Louis 200 traces back to the founding designer’s beginnings when he left his hometown of Anchay, in the French Jura region, at the age of 14 and arrived in Paris two years later, traveling by foot. Following an apprenticeship with trunk maker and packer Romain Maréchal, Vuitton founded his own maison in 1854 at Place Vendôme in Paris, a district concentrated with major fashion houses. Between his rapport with English couturier Charles Frederick Worth, considered by many as the father of haute couture, and being appointed the trunk maker and packer to Empress Eugénie, Vuitton developed a waterproof coated canvas and transformed the functionality of trunks with flat lids, predicting the rise in demand for luggage as a revolution in transport was underway.
The first initiative in the series, 200 Louis, involves windows of Louis Vuitton stores displaying video loops of reimagined creations from 200 talents, such as a screen-paneled trunk floating in mid-air or a giant, robot-like figure composed of boxes that nods to the way Vuitton would stack trunks in his windows. Additionally, selected stores will also feature festive façade displays – from a Damier pattern splashed across the Fifth Avenue storefront in New York City to a larger-than-life Vuitton looking out over passersby. “Imagine having a conversation with not just one visionary, but 200,” said Faye McLeod, Louis Vuitton’s visual image director. “We have never done windows like this before. There’s an exceptional energy that emanates from them – this constant flow of creativity. People will really sense the feeling of celebration,” he added.
Louis Vuitton has also pledged to donate 10,000 euros on behalf of each visionary to one of 15 non-profit organizations.
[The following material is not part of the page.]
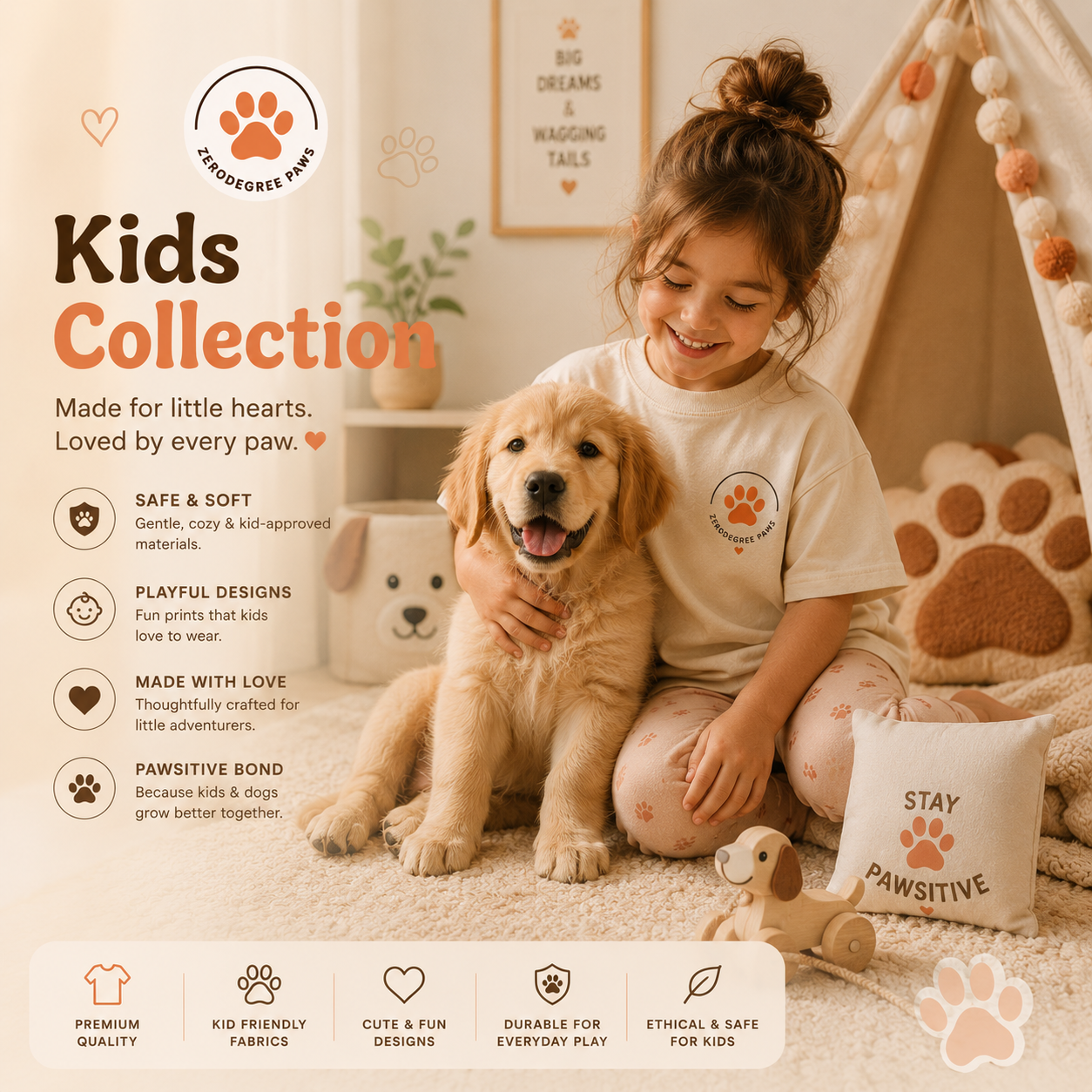 Kids dog lover apparel collection with cute pet-inspired clothing by Zero Degree Paws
Selected for enabling the access and discovery of creativity among young people and those from disadvantaged communities, these organizations stretch across 13 countries and 5 continents.
The second initiative is a platform game, inspired by Vuitton’s journey from his hometown as a teenager. Combining advanced animation with centuries of heritage, Louis: The Game offers an action-packed adventure through six imaginary worlds, featuring the brand mascot Vivienne. Along the way, this character must collect as many monogram candles as possible, in addition to keys that access each level. Integrating blockchain technology, the game will also include 30 NFTs (non-fungible tokens), 10 of which are created by digital artist Mike Winkelmann. Each of the 200 candles unlocks a postcard that reveals an anecdote or trivia spanning Louis Vuitton collaborations, history, runway highlights and more. The game can be downloaded through the App Store and Google Play for Android from August 4 onwards.
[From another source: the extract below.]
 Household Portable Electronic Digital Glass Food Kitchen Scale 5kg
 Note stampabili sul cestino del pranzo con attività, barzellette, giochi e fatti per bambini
Both these activations will be followed by a large-scale triptych of Vuitton painted by American figurative artist Alex Katz and a fiction novel by French writer Caroline Bongrand about the life and intentions of Vuitton, available in French and English from October onwards. Also available for viewing on Apple TV from December will be a documentary titled Looking for Louis, shedding light on the young pioneer’s story.